Er stehe Gewehr bei Fuß, sagt Christoph Klingler, der Geschäftsführer von oeticket. Er biete der Stadt Wien jede Unterstützung rund um die in Neu Marx geplante Eventhalle an, die ab dem Jahr 2021 gebaut und schon 2024 in Betrieb gehen soll.

CTS Eventim, die Konzernmutter von oeticket, hat schließlich Erfahrung mit großen Hallen, betreibt sie doch unter anderem in London, Berlin und Kopenhagen selbst welche. Doch auch wenn die Stadt keinen (Betreiber-)Partner suche: „Hauptsache, die neue Halle wird fertig“, sagt der Ticketingspezialist.

Das Projekt sei jedenfalls ebenso interessant wie das immer wieder – auch in Wien – diskutierte Thema Citymaut. In Deutschland arbeitet CTS mit Kapsch Traffic Com bei der Entwicklung des neuen Mautsystem zusammen. Die Kooperation sei interessant, da es „ein Prototyp für Europa“ werde, sagt Klingler, der nach seinem Jusstudium rund 15 Jahre in Agenturen in Österreich, Deutschland und Großbritannien gearbeitet hat. Auf der Insel war er unter anderem damit beschäftigt, neue E-Commerce-Lösungen auf den Gebieten Gamification und Performance Marketing zu entwickeln.

Priorisieren aufs Kerngeschäft

„Es gibt 1000 Ideen“, sagt Klingler, „aber man darf sich nicht verzetteln. Es braucht eine klare Priorisierung auf das Kerngeschäft, das es nie zu vernachlässigen gilt.“ Immerhin betreute oeticket im vergangenen Jahr mehr als 75.000 Events und wickelte zuletzt rund 11,6 Millionen Ticketkäufe ab. Doch man dürfe über das Tagesgeschäft eines nicht vergessen: „Wenn es gut läuft, muss man über Weiterentwicklung nachdenken.“ Etwa die Gäste sicher zu den Veranstaltungen zu bringen und von dort wieder nach Hause. Oder neue Möglichkeiten wie mit oeticket light zu schaffen, einem Selbstanlagesystem, mit dem Veranstalter Tickets selbstständig auf die Plattform stellen können und ihre Tickets online sowie über 4000 Vorverkaufsstellen in Österreich vertreiben können.
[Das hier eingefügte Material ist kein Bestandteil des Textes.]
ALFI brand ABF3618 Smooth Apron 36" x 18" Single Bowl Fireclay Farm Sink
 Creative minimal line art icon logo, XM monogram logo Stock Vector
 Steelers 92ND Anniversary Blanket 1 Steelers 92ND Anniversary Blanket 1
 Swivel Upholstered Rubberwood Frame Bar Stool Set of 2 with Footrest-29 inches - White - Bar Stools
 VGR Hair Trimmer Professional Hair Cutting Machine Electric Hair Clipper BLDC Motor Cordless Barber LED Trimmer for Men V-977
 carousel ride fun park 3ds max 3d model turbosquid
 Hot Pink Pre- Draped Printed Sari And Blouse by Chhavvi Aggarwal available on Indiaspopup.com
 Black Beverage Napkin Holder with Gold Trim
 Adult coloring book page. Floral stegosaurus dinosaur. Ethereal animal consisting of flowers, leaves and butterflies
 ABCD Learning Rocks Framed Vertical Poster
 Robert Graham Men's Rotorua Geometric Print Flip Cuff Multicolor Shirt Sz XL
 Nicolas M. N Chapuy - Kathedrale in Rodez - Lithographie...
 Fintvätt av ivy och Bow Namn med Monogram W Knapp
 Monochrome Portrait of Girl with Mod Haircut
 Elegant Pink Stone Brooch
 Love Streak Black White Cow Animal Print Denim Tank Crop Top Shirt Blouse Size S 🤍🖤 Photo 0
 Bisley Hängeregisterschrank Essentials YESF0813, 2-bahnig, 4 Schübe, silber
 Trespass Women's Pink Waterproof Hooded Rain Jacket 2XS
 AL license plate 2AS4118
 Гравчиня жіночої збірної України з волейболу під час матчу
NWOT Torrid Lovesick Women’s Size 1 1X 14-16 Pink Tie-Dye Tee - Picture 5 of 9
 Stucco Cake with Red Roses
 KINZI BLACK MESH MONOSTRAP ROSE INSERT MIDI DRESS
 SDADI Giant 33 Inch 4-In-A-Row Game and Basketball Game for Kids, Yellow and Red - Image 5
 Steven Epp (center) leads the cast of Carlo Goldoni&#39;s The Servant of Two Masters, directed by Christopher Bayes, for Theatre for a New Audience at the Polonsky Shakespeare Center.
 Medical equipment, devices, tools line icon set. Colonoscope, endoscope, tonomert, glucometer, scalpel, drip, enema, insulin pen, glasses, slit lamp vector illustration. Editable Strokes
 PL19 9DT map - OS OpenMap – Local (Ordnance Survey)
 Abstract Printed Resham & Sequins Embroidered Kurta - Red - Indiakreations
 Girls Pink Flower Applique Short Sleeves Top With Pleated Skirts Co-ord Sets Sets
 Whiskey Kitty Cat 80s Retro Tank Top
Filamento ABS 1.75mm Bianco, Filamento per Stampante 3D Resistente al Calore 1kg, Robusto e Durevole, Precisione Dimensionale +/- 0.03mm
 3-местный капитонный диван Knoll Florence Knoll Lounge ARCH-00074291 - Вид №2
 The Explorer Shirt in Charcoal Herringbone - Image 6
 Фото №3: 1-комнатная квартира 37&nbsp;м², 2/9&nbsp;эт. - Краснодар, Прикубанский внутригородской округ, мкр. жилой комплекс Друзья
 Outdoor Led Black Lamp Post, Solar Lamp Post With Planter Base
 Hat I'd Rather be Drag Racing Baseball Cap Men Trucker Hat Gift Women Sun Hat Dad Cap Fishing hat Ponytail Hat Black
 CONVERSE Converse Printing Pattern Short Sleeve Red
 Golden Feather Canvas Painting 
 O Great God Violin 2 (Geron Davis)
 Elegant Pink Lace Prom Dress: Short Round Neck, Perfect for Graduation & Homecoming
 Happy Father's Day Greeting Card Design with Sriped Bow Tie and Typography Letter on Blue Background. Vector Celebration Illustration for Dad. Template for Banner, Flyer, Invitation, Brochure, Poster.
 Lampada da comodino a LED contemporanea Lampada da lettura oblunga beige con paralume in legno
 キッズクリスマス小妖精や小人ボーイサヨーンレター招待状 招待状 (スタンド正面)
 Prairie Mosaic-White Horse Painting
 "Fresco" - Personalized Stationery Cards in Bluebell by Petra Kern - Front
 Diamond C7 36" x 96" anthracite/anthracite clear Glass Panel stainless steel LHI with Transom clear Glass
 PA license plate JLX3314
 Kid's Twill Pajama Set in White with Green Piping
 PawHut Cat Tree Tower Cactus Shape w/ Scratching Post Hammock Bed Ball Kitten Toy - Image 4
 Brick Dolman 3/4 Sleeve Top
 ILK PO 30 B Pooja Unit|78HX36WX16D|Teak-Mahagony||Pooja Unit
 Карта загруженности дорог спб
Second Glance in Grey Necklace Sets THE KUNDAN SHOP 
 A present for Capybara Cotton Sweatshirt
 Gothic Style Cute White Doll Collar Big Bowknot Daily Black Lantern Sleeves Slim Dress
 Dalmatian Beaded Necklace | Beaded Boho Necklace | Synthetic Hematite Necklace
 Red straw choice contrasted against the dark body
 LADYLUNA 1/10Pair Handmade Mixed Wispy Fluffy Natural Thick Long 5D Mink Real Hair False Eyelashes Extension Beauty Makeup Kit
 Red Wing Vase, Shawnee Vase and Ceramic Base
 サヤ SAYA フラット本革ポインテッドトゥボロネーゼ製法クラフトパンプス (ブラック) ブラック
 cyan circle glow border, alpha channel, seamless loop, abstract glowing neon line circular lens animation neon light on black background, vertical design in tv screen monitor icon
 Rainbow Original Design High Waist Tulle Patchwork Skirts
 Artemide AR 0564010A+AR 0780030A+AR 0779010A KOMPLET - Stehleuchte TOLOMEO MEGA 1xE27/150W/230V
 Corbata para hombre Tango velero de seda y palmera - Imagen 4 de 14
Zwar verstehe sich oeticket als Onlineunternehmen, sagt Klingler, man dürfe aber nicht vergessen, „dass 35 Prozent unserer Kunden Offline-Käufer sind“. Und ganz abgesehen davon: „Kunden wollen ein reales Ticket: Das sind Vorfreudeobjekte und Erinnerungsstücke in einem.“

„Und“, sagt Klingler, „das Livegeschäft nimmt zu.“ Die Nachfrage erzeuge Angebot und umgekehrt. Vor zehn Jahren waren Tourneen für Künstler primär Werbeveranstaltungen für neue Alben. Zum Teil hätten sie 80 bis 90 Prozent ihrer Einnahmen aus dem Verkauf und dem Abspielen der Tonträger bezogen. Seit Streamingdienste an Bedeutung gewonnen hätten, sei das Livegeschäft als Einnahmequelle wichtiger geworden. Das Angebot im Bereich Kultur wie Entertainment steige – wie auch bei Sportveranstaltungen; allerdings sei dort das Interesse sehr stark von den tagesaktuellen Leistungen der Klubs und Vereine abhängig: „Nur beim Skifahren ist die Nachfrage stabiler.“

Musik ist vor allem dann nachgefragt, wenn es einen Österreich-Bezug gibt. Was sich an der Beliebtheit von Musikformationen wie Bilderbuch oder Pizzera & Jaus und vielen anderen zeige. Daher versuche sein Haus, als Veranstalter Nachwuchsförderung zu betreiben, den Markt und Gruppen zu entwickeln: vom Gig im Kellerlokal bis zum Auftritt in der Wiener Stadthalle.

Dynamische Preise denkbar

Noch ein Wort zu den Entwicklungen: Seit drei Jahren organisiert der Konzern den Kartenverkauf für große Skigebiete in der Schweiz – inklusive dynamischer Preisgestaltung. Noch gebe es das für Konzertkarten nicht, sagt Klingler, aber wie in der Flugbranche „ist das durchaus denkbar“. Man sei ja, wie gesagt, ein Onlinekonzern. Da brauche es das passende Personal, sagt Klingler. Persönlichkeiten mit offenem Charakter und „Leute, die mit Entertainment etwas anfangen können“. Vor allem, wenn sie im Callcenter der Hotline direkt im Haus arbeiten. „Denn“, sagt Klingler, „unsere Größe weckt Erwartungen, was das Service betrifft.“ Vieles könne man Mitarbeitern beibringen, aber Serviceorientierung, und wie sie mit anderen Menschen umgehen, könne man ihnen nicht einpflanzen.